Sunday, August 07, 2005

Robin Cook

I was fortunate enough to watch the whole of the debate on the Scott Report on television (about selling arms to a Mr Hussein in Iraq. Pity we didn't sell him WMD while we were at it. At least we'd have known for certain that he had them.)
You really needed to see the whole of that debate to understand why everyone is banging on about the late Robin Cook's performance. He'd had a couple of hours to read a report the size of several telephone directories. Yet he stood at the Despatch Box and appeared to know it as intimately as if he'd written it himself.
In an obviously planned attempt to derail him, Tories bobbed up and down to intervene. He gave way to most of them, then swatted them away like irritating flies - or possibly the midges for which his native Scotland is notorious. It was undoubtedly one of the greatest Parliamentary performances of the last century.

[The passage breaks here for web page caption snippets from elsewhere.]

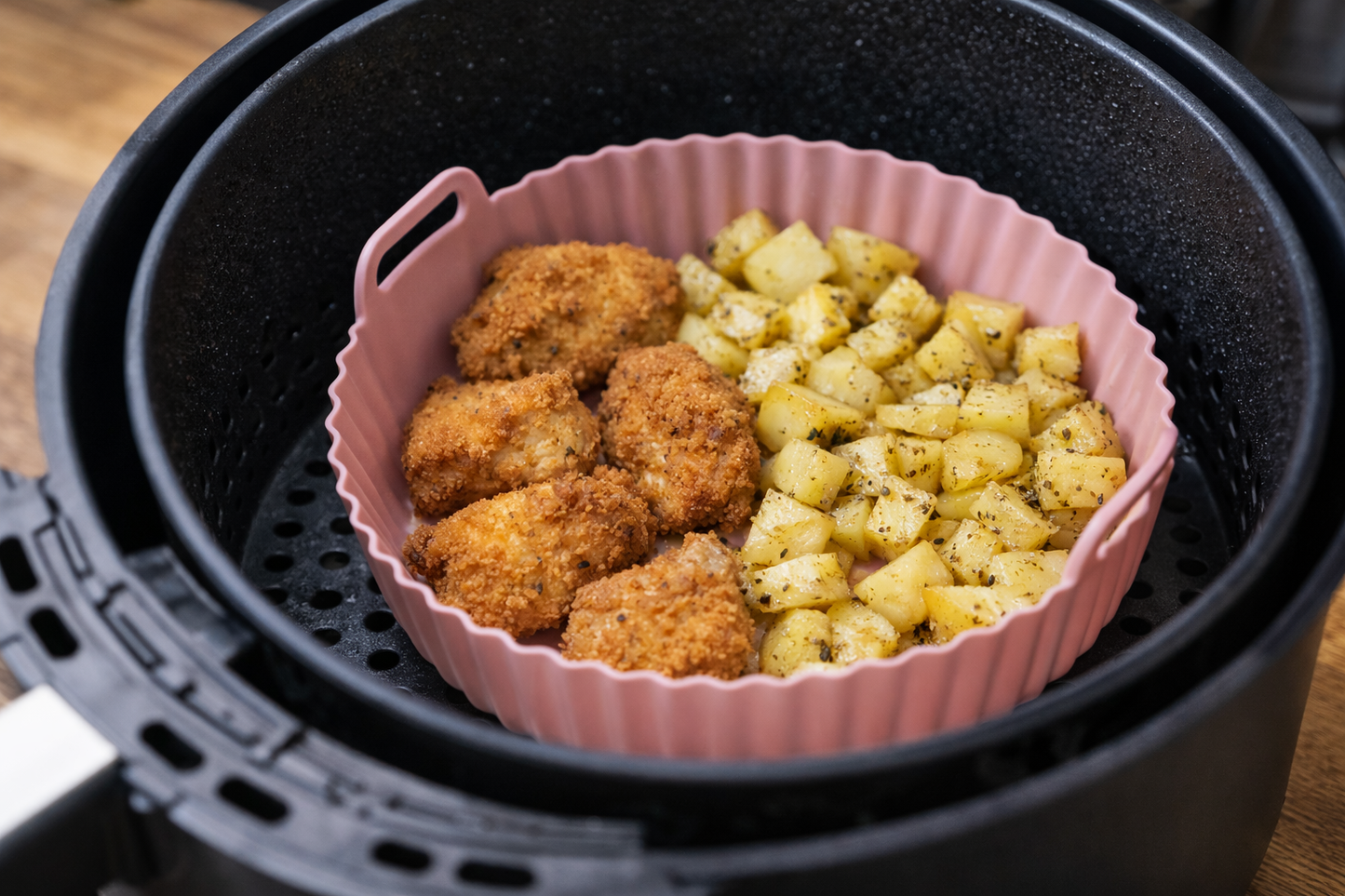 silikonska podloga za air fryer, podloga za air fryer 16 cm, silikonska košarica za air fryer, air fryer podloga okrugla, silikonska posuda za air fryer, dodatak za air fryer, podloga za fritezu na vrući zrak, air fryer pribor, silikonski umetak za air fryer, podloga za pečenje u air fryeru, silikonska podloga za pečenje, air fryer accessories, posuda za air fryer, air fryer košarica silikon, podloga za zdravije pečenje, oprema za kuhinju, kuhinjski dodaci air fryer, podloga za krumpiriće air fryer, podloga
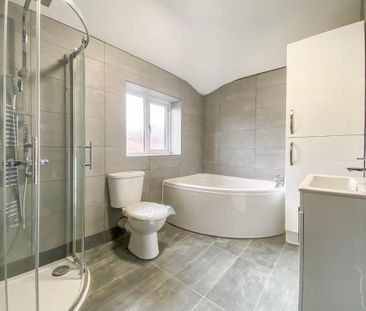 3 bedroom semi-detached house to rent - Photo 1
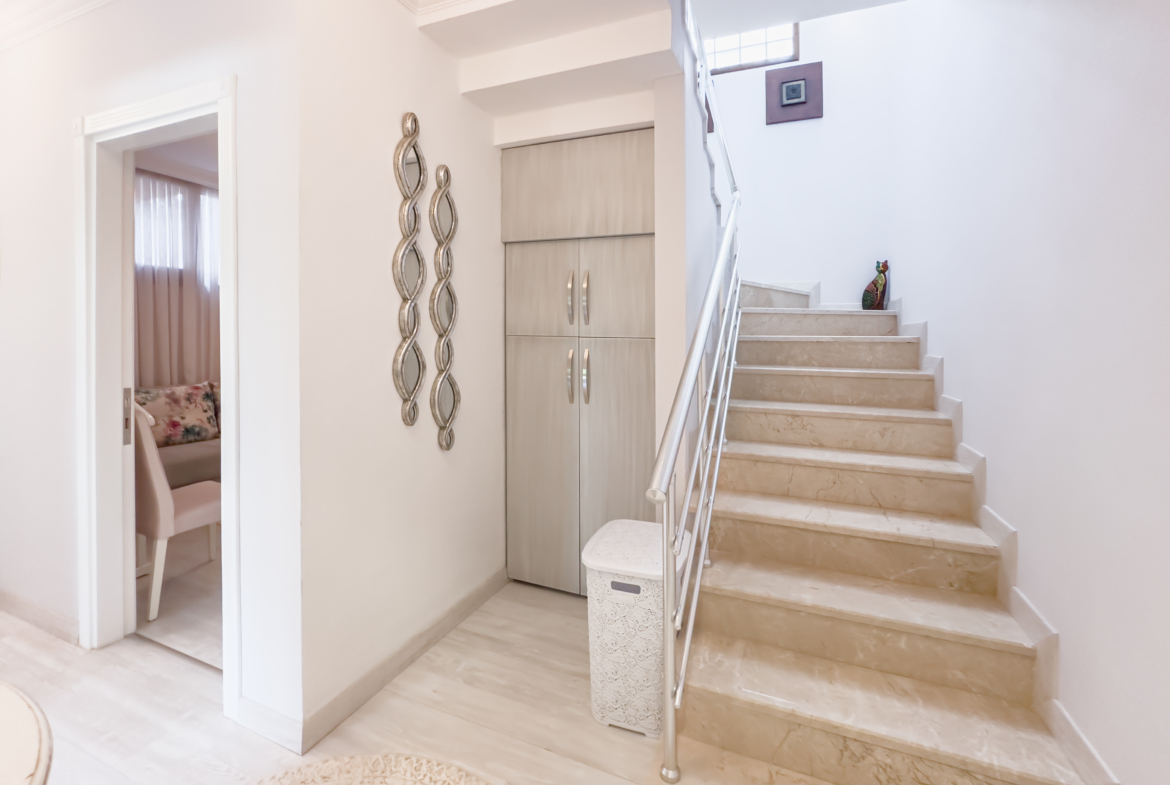 Marmaris İçmeler’de Havuzlu Butik Sitede 3+1 Bahçe Dubleksi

He had recently been writing a weekly column in The Guardian and those will be greatly missed for his knowledge of the detail of the subjects and the clarity of expression. It's a rare gift to combine a formidable intellect with the ability to express yourself clearly. Neither of these characteristics are conspicuous in the ranks of New Labour.
I was musing to someone the other day that the present crop of Labour politicians are intellectual pygmies compared to some of the people who sat in Wilson's Cabinets, like Crossman, Healey and Crosland - and indeed Wilson himself.
There's a certain similarity between Cook and Crosland. The latter was also noted for intellectual arrogance and didn't suffer fools gladly. And his life was also cut short when he still had much to contribute to politics.

Someone once said of Robin Cook that he combined the looks of Lenin with the voice of Miss Jean Brodie. They might have added that he had the amatory skills of Casanova. According to his first wife, he had many affairs before the one that ended their marriage. This is probably an example of the way that some men who are not conventionally physically attractive learn to exploit their other attributes - in his case humour, intelligence and great verbal dexterity.
But, in the television age, it was considered that Cook's appearance and voice would be enough to prevent him wooing the electorate and that he could never be leader of the party. There are even those who think that Gordon Brown's dour manner and Scottish accent will prove a handicap electorally.

This is a great tragedy for it means that we shall never have another Attlee as Prime Minister, a man so lacking in charisma that the joke could be made 'an empty taxi pulled up and Mr Attlee got out.' Yet he is almost universally acknowledged as the greatest Prime Minister of the last century.
Robin Cook wouldn't necessarily have been a great party leader or Prime Minister but at a time when we have to endure the likes of Blunkett, Straw, Reid, Clarke et al, the loss to politics is massive.

4 Comments:

At 9:53 PM, Blogger mike said...

I liked him much better both before and after his stint on the front bench, when a rather unpleasant arrogance seemed to take him over. But other than that... one of our better political figures, certainly.

 
At 10:33 PM, Blogger Jane said...

So true and so well put. When you consider some of the idiots that are in the cabinet now mentioning no names but Hazel Blears comes to mind it makes his loss so much the greater.

 
At 9:23 AM, Blogger patroclus said...

I liked him (not in *that* way, despite his humour, intelligence and verbal dexterity). I know next to nothing about politics, but I have an enduring memory of my other favourite, Dobbo, clapping Cook on the back when he resigned over Iraq. It was great to see that at least some of them had some principles.

 
At 5:55 PM, Blogger Willie Lupin said...

It's a pity that all the people with principles are on the backbenches.

Don't start me off on Hazel Blears again! But she's not actually in the Cabinet although she'd dearly like to be. I'm just hoping that Brown doesn't like her and will cut her career short when he's leader.